Photography is not just an art
Photography is craftmanship, especially when it comes to film: it’s to know how to have a good eye and a profound technical knowledge. I don’t like to call myself an artist.
I like to create a beautiful photograph, a thing that says something about me and, moreover, about the subject I’m shooting, that tells its beauty, its love story, a detail of its personality.
George Eastman, founder of Kodak, used to say that “photography is brought within reach of every human being who desires to preserve a record of what he sees… and enables the fortunate possessor to go back by the light of his own fireside to scenes which would otherwise fade from memory and be lost”. I couldn’t agree more.
Brief storyline of my encounter with photography:
Age 5: creation of my first photos with my mom’s Canon T70. Cut off feet, chopped heads and astigmatic horizons date back to this period.
Age 6: awareness of the fact that I don’t like to be in front of a lens, but rather behind, realization that came after a disagreement with my mom [read: I didn’t talk to her for two days], caused by a photo where my feet were showing.
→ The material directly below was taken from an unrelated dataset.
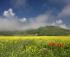 Castelluccio: tripudio di colori!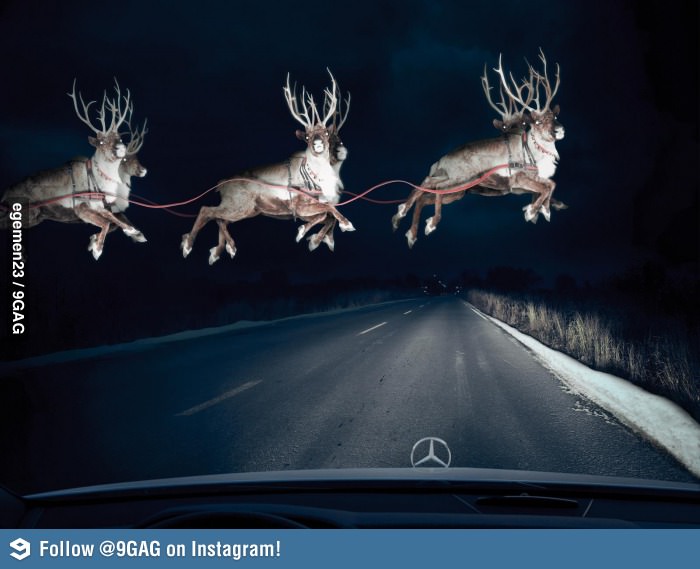 xmas.jpg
I used to hate my feet.
Age 13: consolidation of the previous awareness, concretized however not by producing new pictures, but by avoiding anyone who tried to take a photo of me.
Age 19: grand theft of my then boyfriend’s lomographic Holga. Grand theft of my mom’s digital camera. Grand theft of my mom’s previously named Canon T70.
Age 20: purchase of my first camera, called Colette, following the complaints filed against me by the previous owners of my cameras.
Age 21-31: purchase of other six cameras, film and digital, small and medium format, collection that doesn’t seem to be decreasing in any way.